Elmber Ambrose Sperry (1860–1930) was born in Cortland in Upstate New York. His father, Stephen, who was away working during the time of his birth, was given the news, which should have been a welcome announcement. The news, however, was tragic; his wife, Mary, had died from complications after giving birth. Sperry grew up without a mother, and with a father, who was often away working. He was sent to live on a farm with his grandparents and an aunt.

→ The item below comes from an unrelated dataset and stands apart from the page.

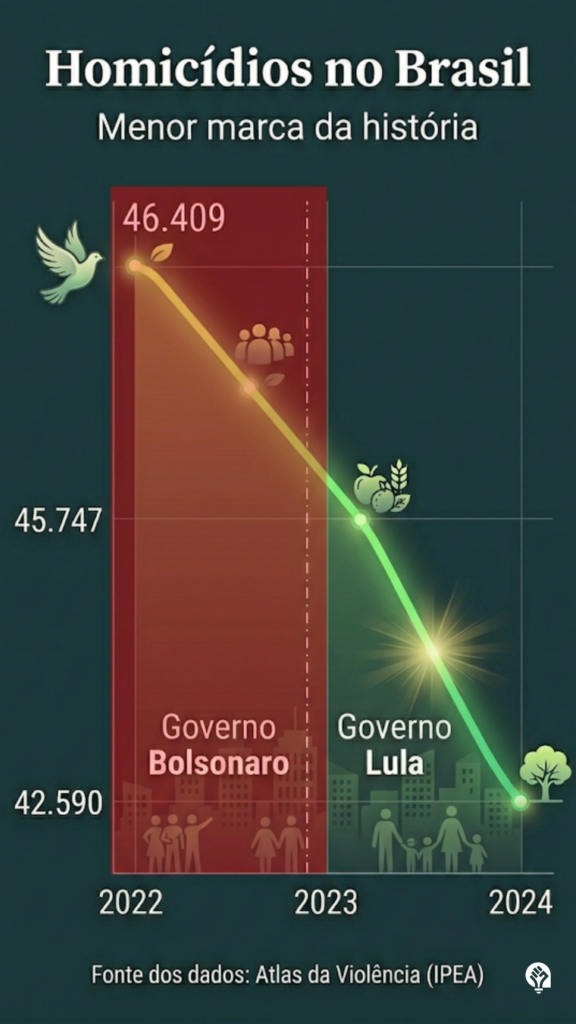 queda de homicídios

Sperry developed into a smart and inquisitive teenager who was completely infatuated with the new inventions of the day. Growing up during the height of America’s Industrial Revolution and the Gilded Age, Sperry witnessed and contributed to many of the nation’s grand developments. He attended the local State Normal and Training School, and then attended the nearby Cornell University in 1878 and 1879.

First Company

At Cornell, he learned about dynamo electricity, and, by the time he had a grasp on the technology, which apparently did not take long, he left and moved to Chicago to found his first business in 1880. The 20-year-old founded Sperry Electric Company, the first of his eight companies. Sperry Electric specialized in electric dynamos and arc lighting systems.

During his time in Chicago, he founded several companies, including the Sperry Electric Mining Machine Company, the Sperry Electric Railway Company (of Cleveland, Ohio), and the Chicago Fuse Wire Company. His work greatly improved the industries of mining machinery, electric railways, and the newest advancement in transportation technology, the electric automobile.

By the start of the 20th century, Sperry had founded an electrochemical business in Washington. This business focused on making pure caustic soda and processing scrap metal to recover tin. But Sperry’s 20th-century contributions had less to do with scrap metal, and much more to do with how to counter the metal through his improvements with gyroscopes. Interestingly, Washington would prove to be the home of his largest buyer: the federal government.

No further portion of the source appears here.